Anxiety was assessed using the Portuguese version of the Revised Children’s Manifest Anxiety Scale - Second Edition (RCMAS-2). The RCMAS-2 is a self-report instrument designed to measure anxiety in children/adolescents between 6 and 19 years old . The participants answered 10 items in short-form (e.g., “I often worry about something bad happening to me”, “I have too many headaches”) using a dichotomous response format. Higher scores indicate more anxiety. As reported in the technical manual, a test-retest reliability of the short-form over one-week was .54 and Cronbach’s alpha was .82 . The Kuder-Richardson coefficient (KR-20) in the present sample was .68 for children and .62 for adolescents.
Intensity of treatment
The Portuguese version of the Intensity of Treatment Rating Scale 3.0 [ITR-3.0; 24] was used to assess the intensity of treatment. Fourteen pediatric oncologists used data from the medical records, blind to patient identity, to classify each child’s treatment into 1 of 4-levels of intensity, from 1 (least intensive treatment) to 4 (most intensive treatment), based on the diagnosis, the phase of illness (primary diagnosis or relapse), the stage/risk level for the patient, and the treatment modalities. Inter-rater reliability for a subset of this sample (n = 59) was k = .97 .
The socioeconomic status of each family was classified in three levels (low, medium and high) using data from both parents’ job and educational level, according to an accepted classification system for the Portuguese context .
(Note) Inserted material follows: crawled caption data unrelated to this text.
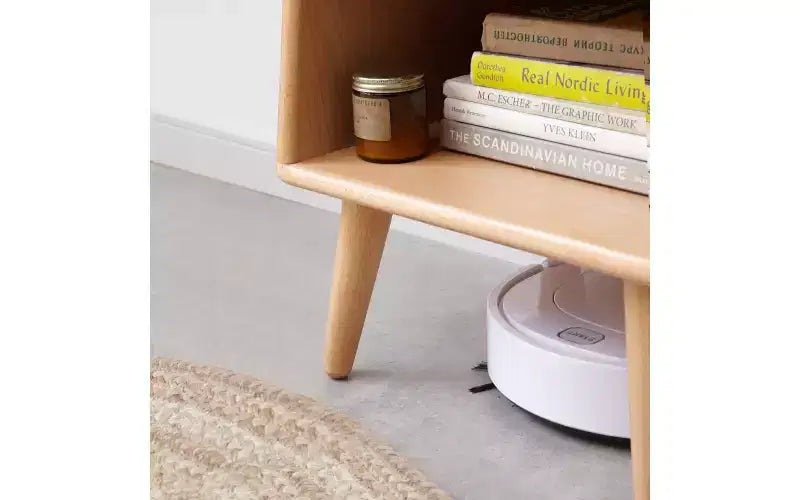Table de chevet avec meuble de rangement, en hêtre massif simple, 40 cm de haut
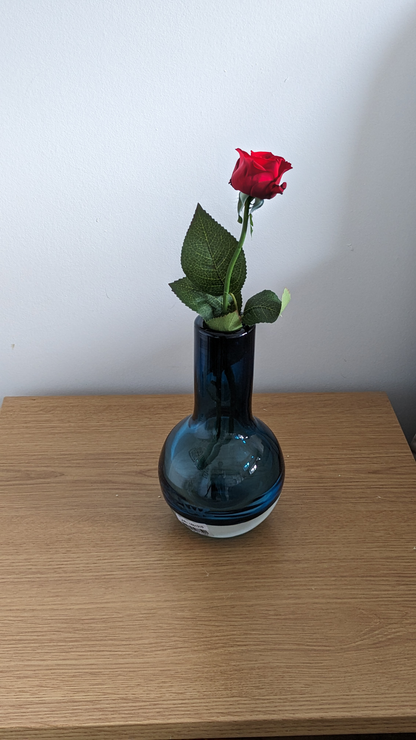 Small single stem vase by Dutz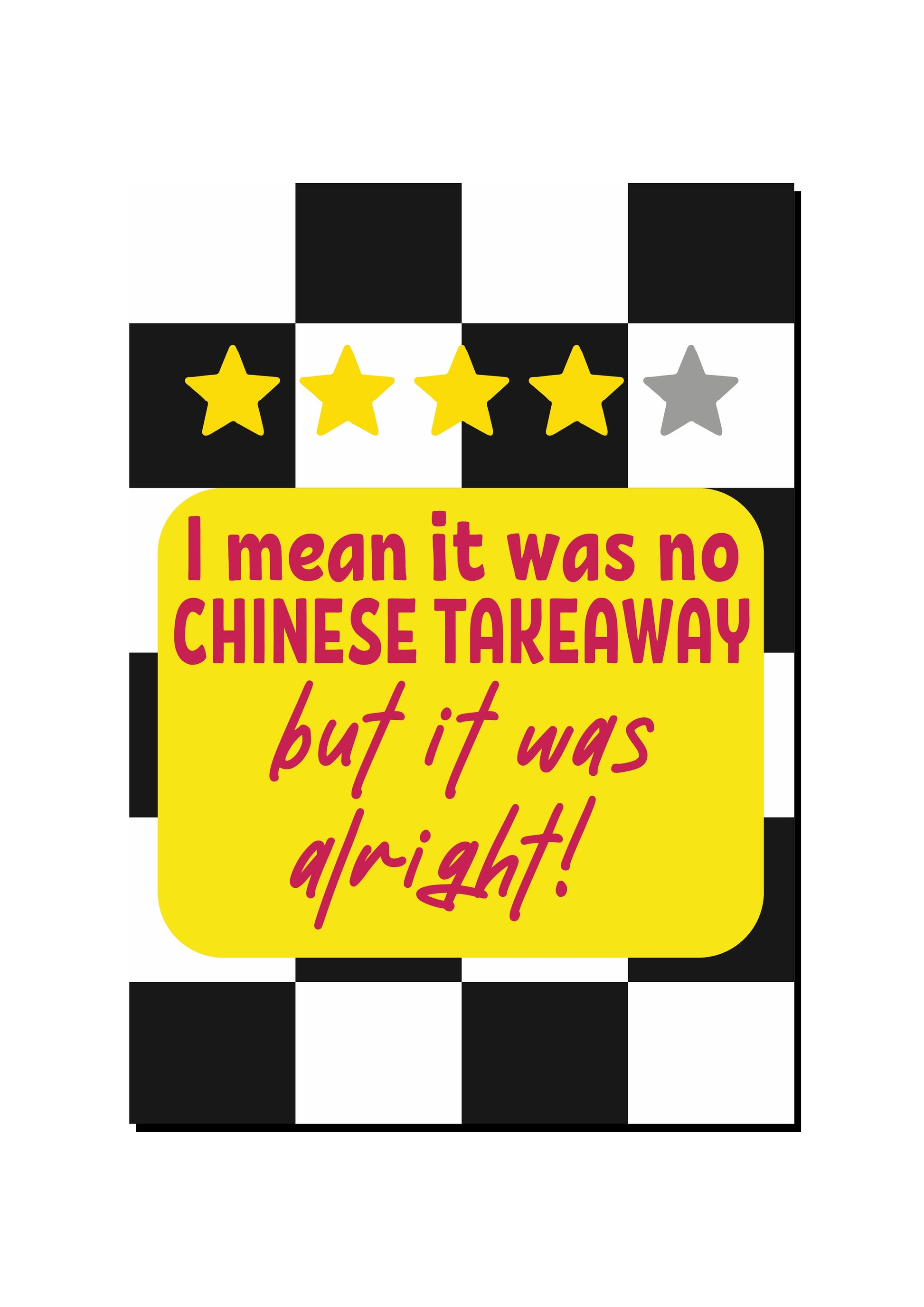 Chinese Takeaway Order art print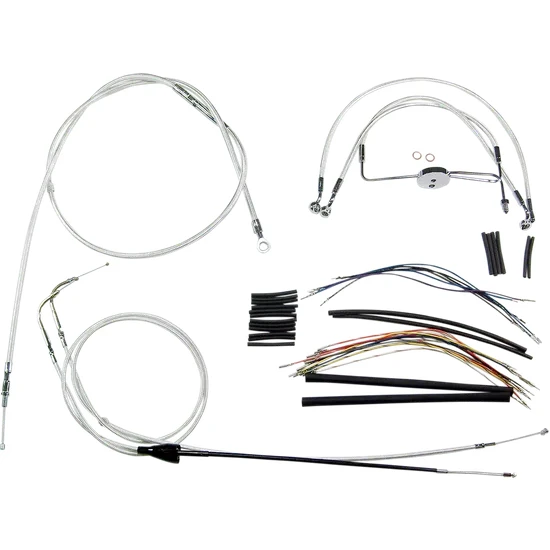 Magnum Control Clutch Brake Cable Kit Chrome for 12-14in. Apes 2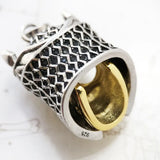 Charm Pendentif Crane Guerrier Royal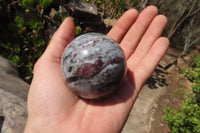 Polished Rubellite Pink Tourmaline Egg & Spheres x 6 From Madagascar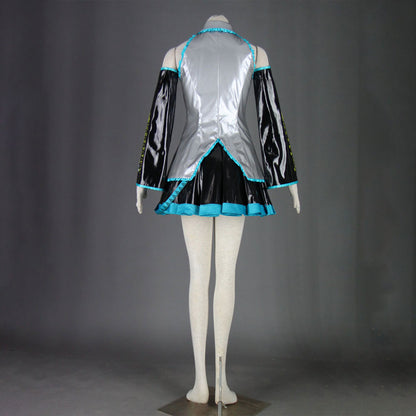 Vocaloid Costumes Hatsune Miku Rody Cosplay Silver Outfit with Accessories Women and Kids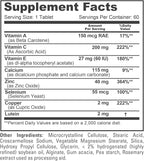 NusaPure Vision Support Nutrients with Vitamin A, C, E, Calcium, Zinc, Selenium, Copper, Lutein 60 Tablets Non-GMO Dietary Supplement
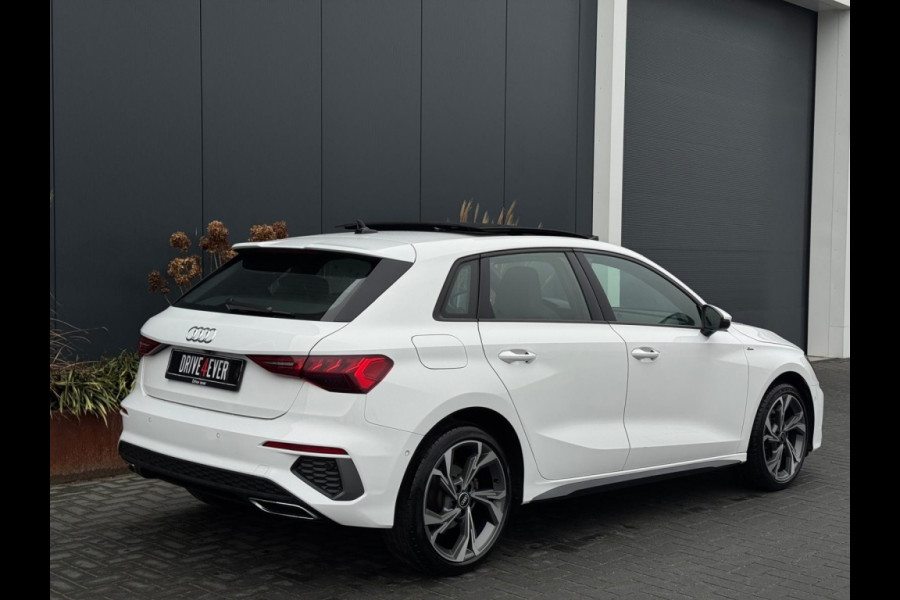 Audi A3 Sportback 40 TFSI e 3x S Line FULL PANO NAVI CAMERA LEDER LED SPORTVELGEN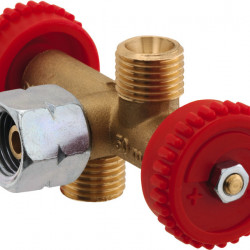 Double valve - 2 1/4" outlets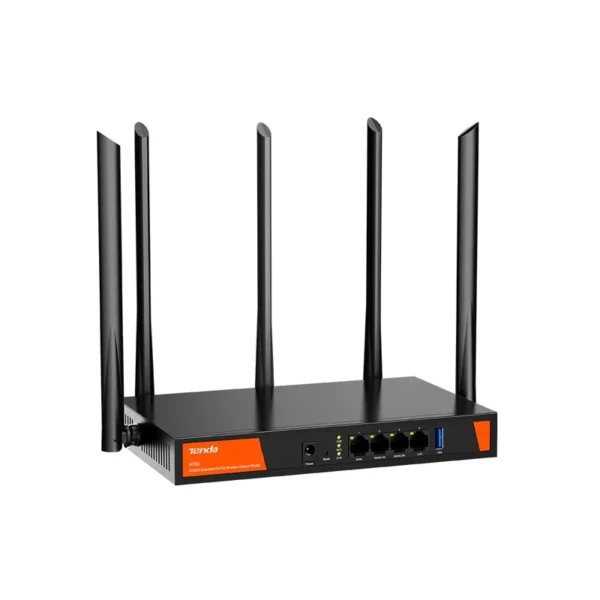 Tenda (W30E) AX3000 Dual Band WiFi-6 Wireless Hotspot Router - 5GHz (2402Mbps) / WAN / LAN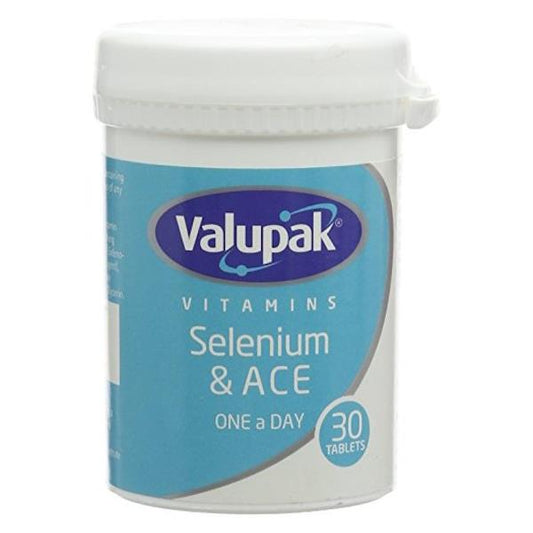 Valupak Vitamins Selenium & ACE 30 OAD Tablets (Case of 6)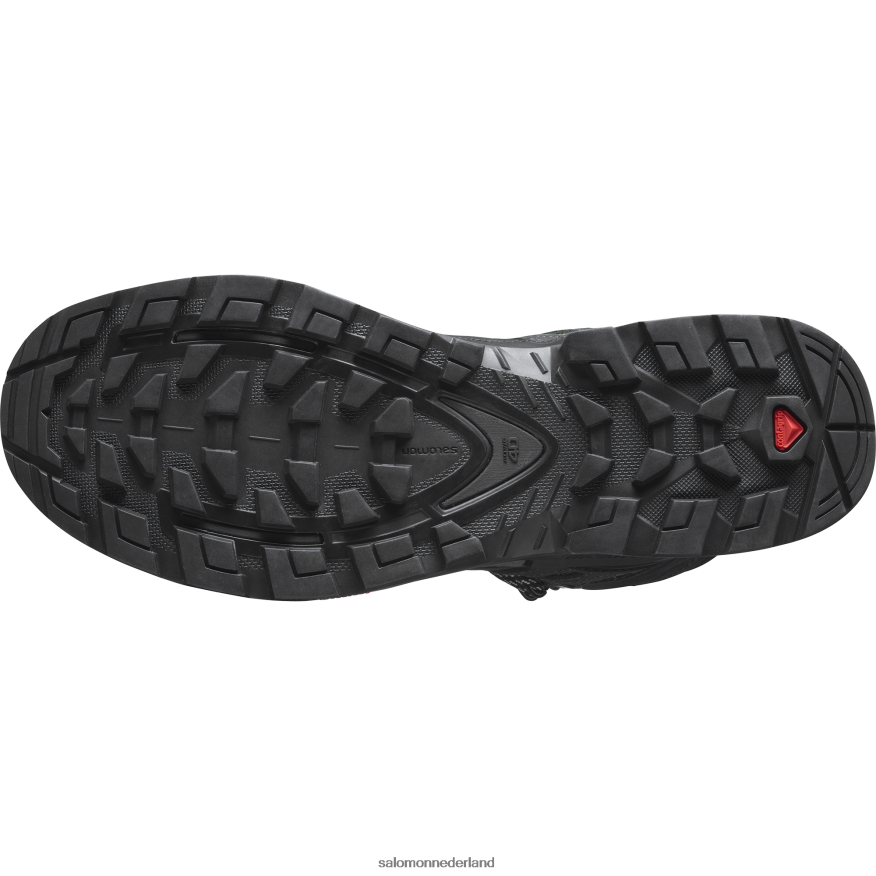 leren heren wandelschoenen - quest 4 gore-tex olijfnacht/turf/safari NTFJN65 Salomon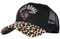 Queen Kerosin Damen Trucker Cap Leopardenmuster Caps Bikercap Leopardenfell Frontstickerei Truckerkappe Meshcap 7 Lochverschluss Wild Rebel
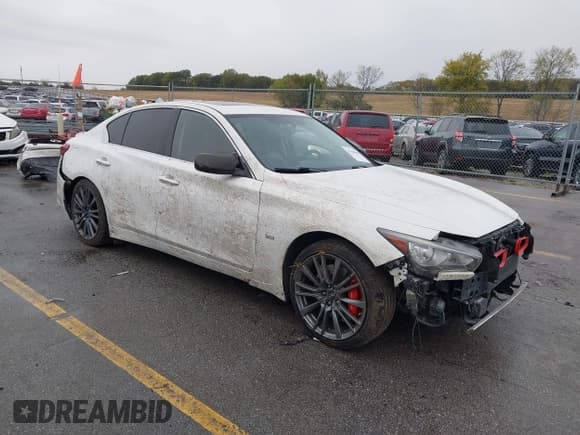 ✅ 2019 Infiniti Q50 Luxe • VIN: JN1EV7AP0KM543195 • Lot: 43446909. Listed on IAAI with 124,233 mi. Free auction sales archive from the USA and detailed vehicle history report at DreamBid. Image 1.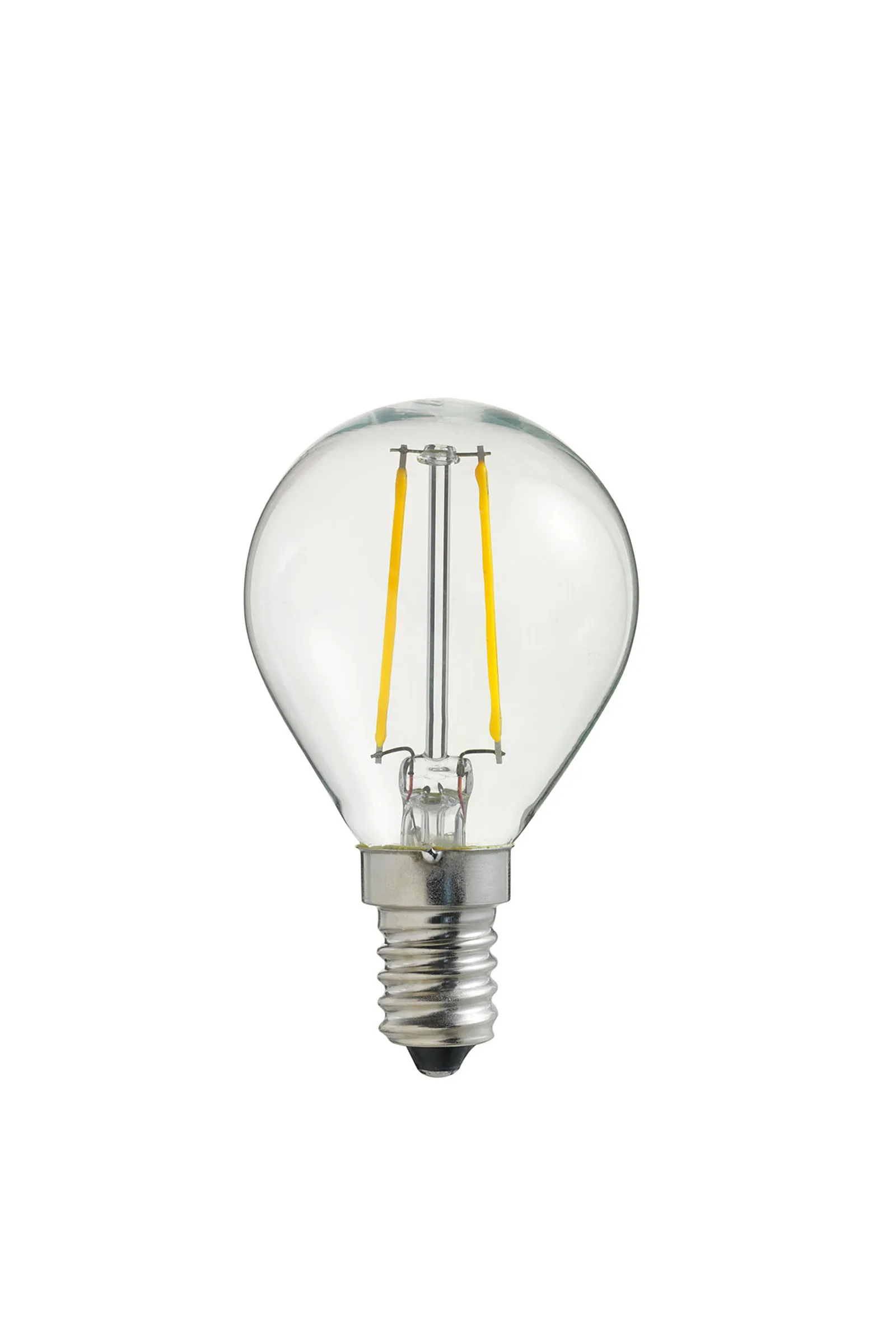 LED灯丝球形光源灯泡E14, 透明色 Globen Lighting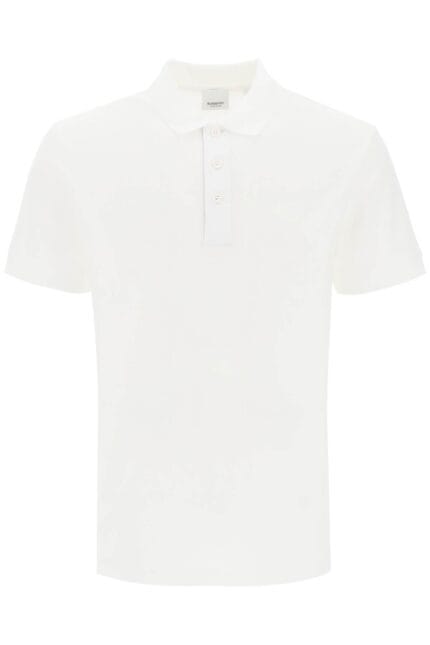 Burberry Eddie Polo Shirt In Organic Piqu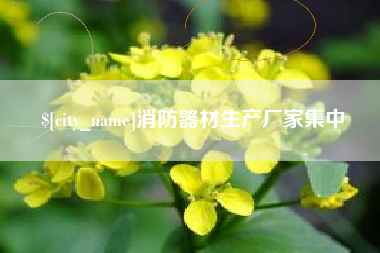安吉消防器材生产厂家集中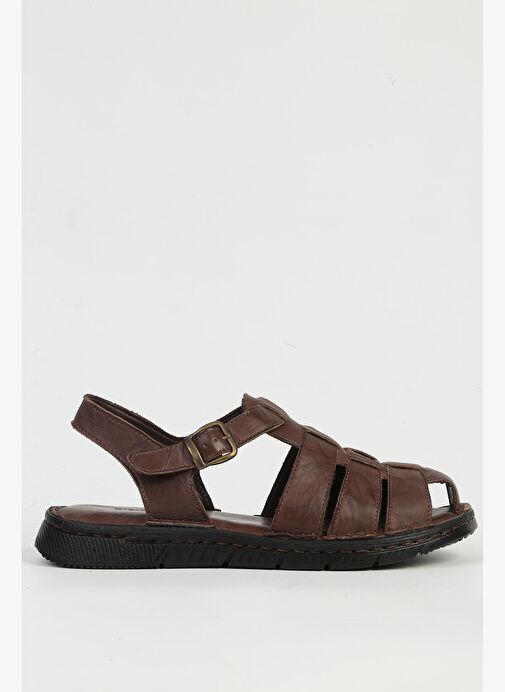 Pierre Cardin Hakiki Deri Kahve Erkek Sandalet PC-7462 - Görsel 2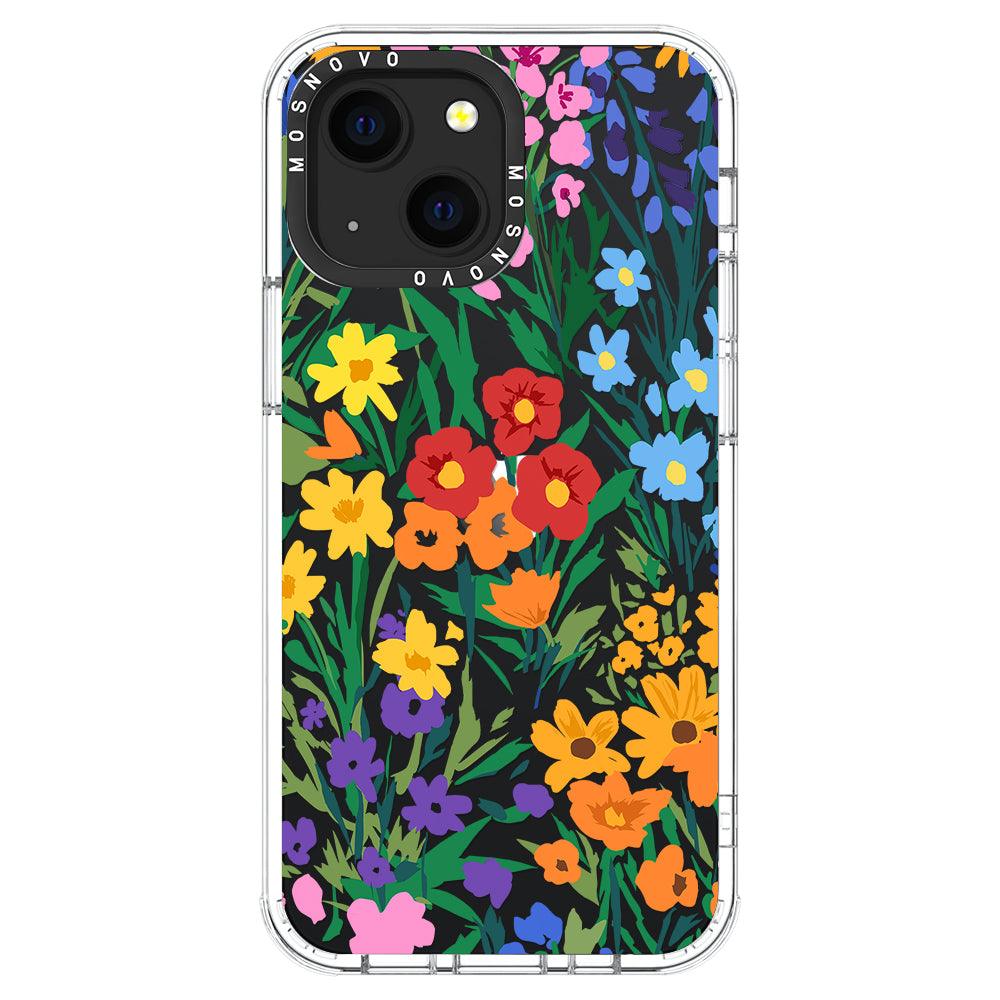 Spring Botanical Flower Floral Phone Case - iPhone 13 Case - MOSNOVO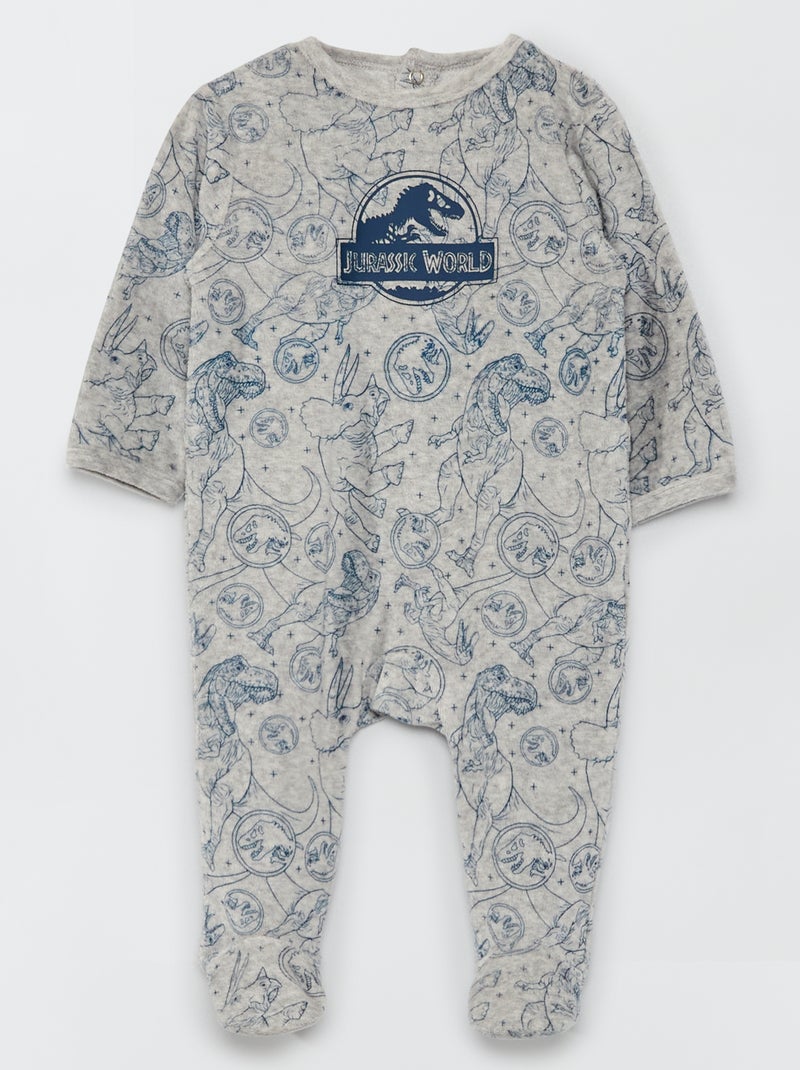 Pyjama van velours 'Jurassic World' GRIJS - Kiabi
Data analysis was conducted using Statistical Package for the Social Sciences (SPSS) and Analysis of Moment Structures (AMOS), versions 20.0 (IBM, SPSS Inc., Chicago, IL). Chi-square analyses were conducted to compare the two age groups regarding sociodemographic and clinical characteristics. Acceptance of the PedsQL™ 3.0 Cancer Module was assessed, by referring to the percentage of missing values per item. For descriptive and item analyses, the means, standard deviations, medians, interquartile ranges of the total score, subscales and items were computed. Floor and ceiling effects, skewness and kurtosis in the distributions of scores were also calculated. Floor or ceiling effects were considered to be present if more than 15 % of respondents achieved the lowest or highest possible score, respectively [27, 28]. Considering a sample size of more than 300 participants (N = 332), absolute skewness values of over 2 or absolute kurtosis over 7 were used as reference values for determining substantial non-normality [29, 30]. In addition, corrected item to total scale correlations were calculated; values r > .20 and ≥ .30 indicated moderate discrimination and good discrimination, respectively .
A CFA using robust Maximum likelihood (ML) was conducted to test whether the empirical data confirmed the factorial structure of the PedsQL™ 3.0 Cancer Module proposed in the theoretical model advanced by Varni et al. , which included a general second-order factor that informed eight specific subscales. A threshold of .40 was used for factor loadings . To assess for model fit, evaluation of the chi-square statistic is recommended. However, because chi-square is sensitive to sample size , other goodness of fit indices were considered, including the comparative fit index (CFI) and the root mean square error of approximation (RMSEA) . Values equal or above .90, and .95 for the CFI are considered acceptable and very good fit, respectively . For RMSEA, a value lower than .01 indicates a great fit, values from .02 to .05 indicate a good fit and values up to .08 indicate an acceptable fit .
The convergent validity was assessed through Pearson correlation coefficients between the PedsQL™ 3.0 Cancer Module and the DCGM-12, an additional measure of HRQoL, and between the PedsQL™ 3.0 Cancer Module and the RCMAS-2, a measure of a different construct, that is, anxiety, which is theoretically related with HRQoL [35, 36].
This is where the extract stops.